Een origineele aftocht. -
Aan den Rijn, dicht bij den beroemden waterval van Schaff hausen, ligt op een schilderachtige rots het slot Laufen. In het jaar 1441 trok hertog Albrecht van Oostenrijk met een krijgsmacht op en begon het slot te belegeren. Zijn geschut bracht aan de muren groote schade toe, en de kleine bezetting, die zich dapper verdedigde, zag spoedig in, dat zij de vesting op den duur niet kon houden. Zij hield raad, wat zij zou doen; zich overgeven durfde zij, na zoo hardnekkig tegenstand geboden te hebben, niet meer, daar hertog Albrecht als niet gemakkelijk bekend stond en in die dagen geen nauwkeurig oorlogsrecht bekend was. Zij moesten dus trachten in alle stilte te ontvluchten, hoewel dat alleen zou kunnen, door den Rijn over te steken. Zoo werd besloten, en in den nacht verliet de bezetting het slot en zocht over de rotsblokken in de rivier, al wadende en zwemmende, een goed heenkomen.

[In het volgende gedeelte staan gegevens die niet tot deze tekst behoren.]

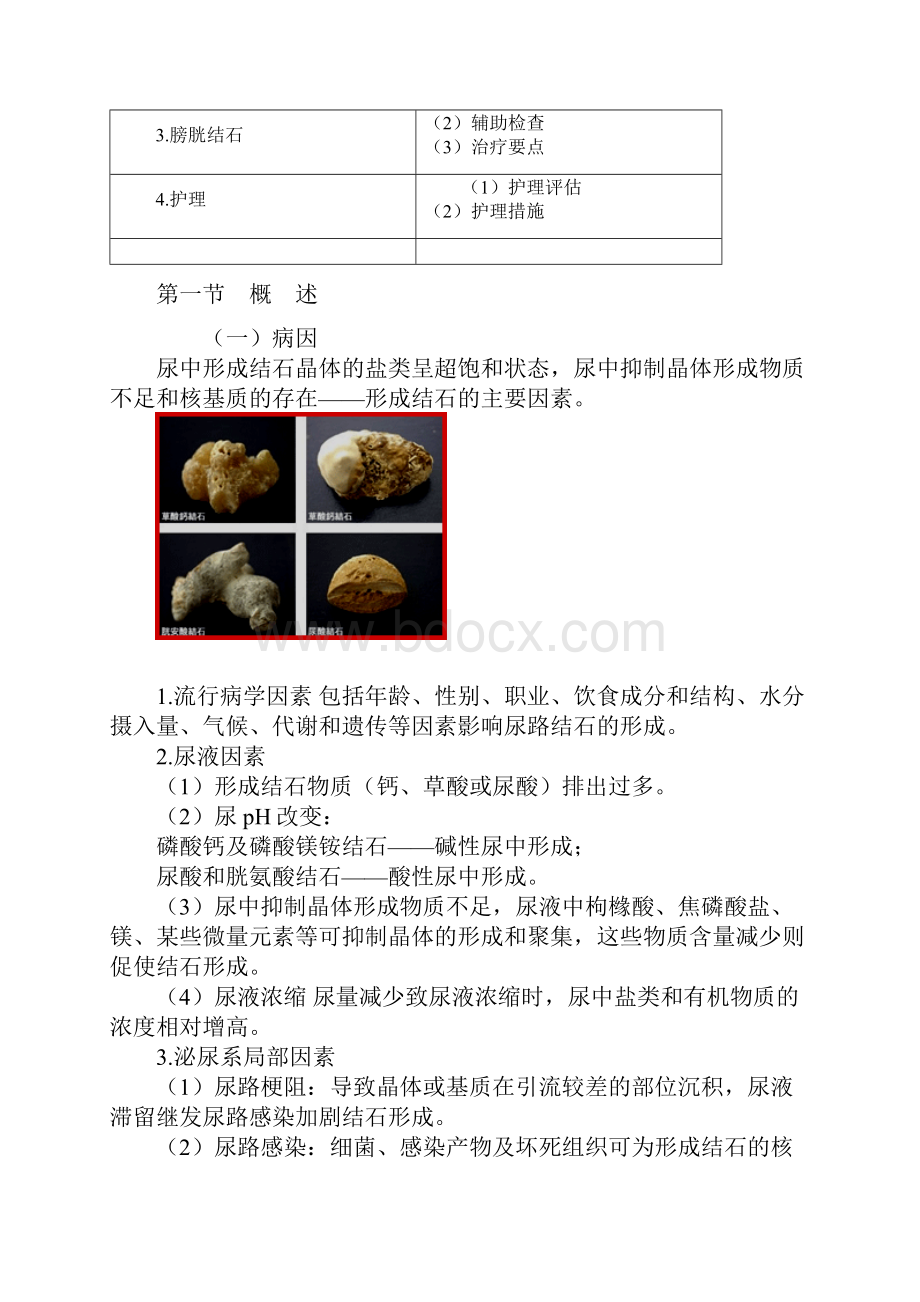 主管护师外科讲义第三十八章 泌尿系结石病人的护理.docx_第2页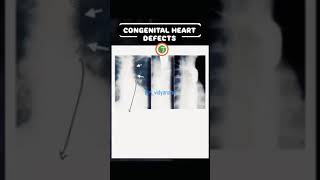 XRAY CHEST CONGENITAL HEART DEFECTS chest xray appa view doctor trending viral video [upl. by Lalat]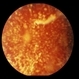 Asteroid Hyalosis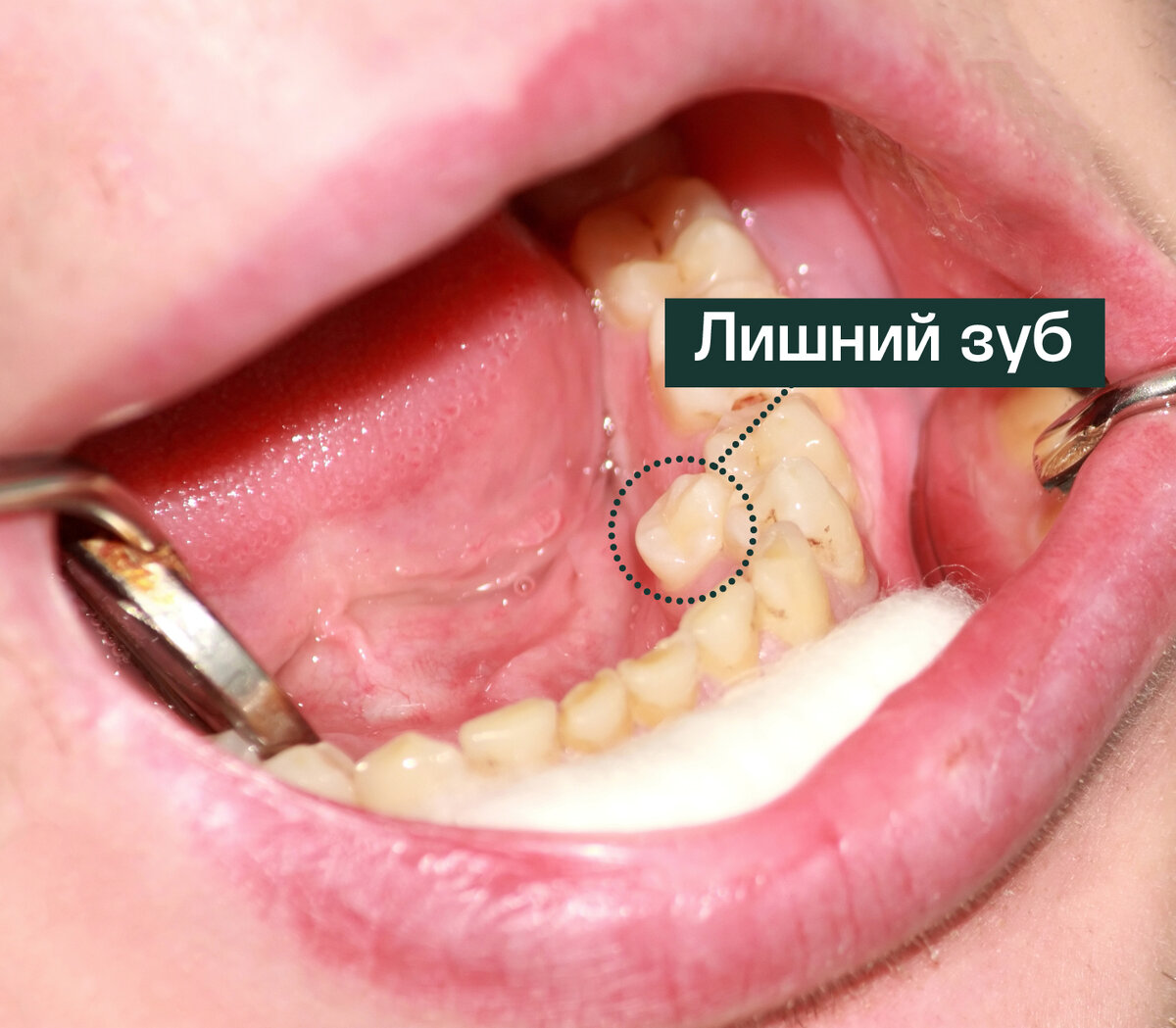 Фото сверхкомплектного зуба, прорезавшегося в области клыка с внутренней стороны зубного ряда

Een der soldaten echter wilde niet meegaan; hij was erg bang voor water, en hoe zijn kameraden ook baden en smeekten, zijn leven niet in zoo groot gevaar te stellen, hij wilde achterblijven. Hij zou wel zorgen zijn huid te redden zonder haar nat te maken.
Den volgenden morgen wilden de vijanden, die ook naar het einde verlangden en met ongerustheid het hooge, ongenaakbare slot zich zagen verheffen, juist weer met schieten beginnen, toen de witte vlag geheschen werd. Een man verscheen op de tinnen en verklaarde, dat hij in naam der bezetting tot onderhandelen wilde overgaan. Hij eischte echter vrijen aftocht met wapenen en bezittingen; maar toegeven wilde de bezetting niet. Als eerbewijs voor de dappere verdediging en van vreugde over het eindigen van dit langdurig beleg werd dit toegestaan. De wapenen werden neergelegd, de kanonnen ontladen en Albrecht met zijn leger stond gereed, de eervol aftrekkende bezetting het gebruikelijke saluut te brengen.
Daar ging de poort open en naar buiten stapte..., één soldaat, die vriendelijk groetend de gelederen der belegeraars passeerde.
Men verhaalt, dat de hertog zooveel plezier had in het geval, dat hij hem voor zich liet roepen en met vele geschenken begiftigde.